Tuesday, 12 September 2017

Filled Under:

Avert These Common Medical Coding Errors

Share


Medical coding is a critical process that requires accuracy in order to settle the insurance claims quickly. However, errors may occur in coding that lead to higher or lower payments by insurer which result in legal and financial implications for the health care provider. We will figure out few errors that are common and should be avoided in medical coding jobs.

Under coding:  Due to the complex documentation guidelines and procedures in E/M coding, health care providers often find it difficult to select appropriate codes for the services. In order to avoid claims being denied they often tend to do under coding. They feel safe to undercode because they need not do considerable documentation which may be difficult for them. However, with this practice of undercoding, health care providers may lose huge amounts of reimbursement. Hence, medical coding services professionals should regularly keep on updating themselves with coding guidelines and learn how to select an appropriate level of E/M services.
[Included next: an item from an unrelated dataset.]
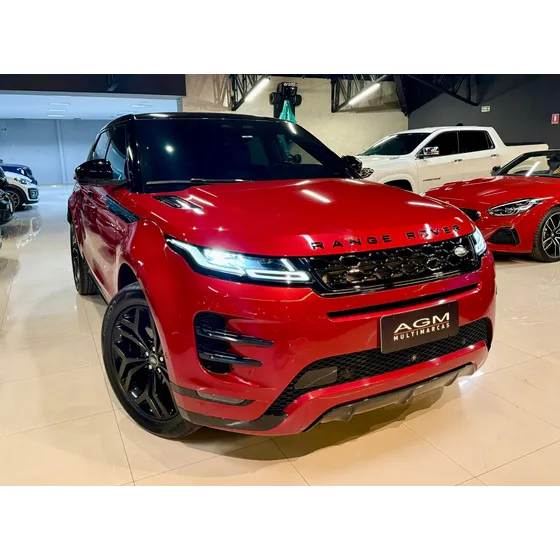 Land Rover Range Rover Evoque 2.0 R-dynamic Se Si4 Flex (p250) 5p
Missing charges: Many times it may happen that medical coders miss to code minor procedures or code them incorrectly.  While using templates in the system, they may not find the code for a procedure. These result in failure to capture charges for services provided and denial of claims from insurers and thus bring revenue loss.
Missing modifiers: Medical procedures are very complex by nature and require additional information to code the patient’s visit accurately. The codes for this kind of additional information can be found in modifiers of CPT and HCPCS codes. It is often found that modifiers have an important role in reimbursements and if they are not used appropriately, it may lead to loss of revenue. It is also found that different payers have their own guidelines for the usage of modifiers. Hence, for people in medical coding jobs, it is critical to understand these guidelines to minimize revenue loss by maximizing the reimbursements.
Unbundling: This refers to the way a medical procedure is divided into separate parts and coded when the whole procedure itself has a comprehensive code. This means that a coding duplication of a procedure is happening which is both unethical and illegal and will be traced in audits. This will result in legal implications. Hence, professionals in medical codings ervices should be aware of individual codes and the comprehensive codes in order to avoid unbundling.
Highest level coding missed: Medical coders have to ensure that they code to the highest level of specification. They have to see that they get the maximum information from the providers and use it accurately while coding. For this purpose, they ought to know the terminology for both medical procedures and diagnoses and their relevant codes. If this is not taken care of and coding is done at a general level, highest level coding is missed which results in claims being rejected or denied.
Not using updated codes: The coding manuals are generally updated every year. So, it is the responsibility of the medical coders to update their knowledge regularly and use the codes correctly and sharpen their skills on a continuous basis.


Stay sharp and up-to-date in your codes, so that you don’t make errors in coding and get ahead in the profession of Medical coding. The only way to become a top notch medical coder is to remain a learner throughout your career. Keep learning all the new medical terminology related to the diseases, illnesses, treatments and procedures and their respective codes.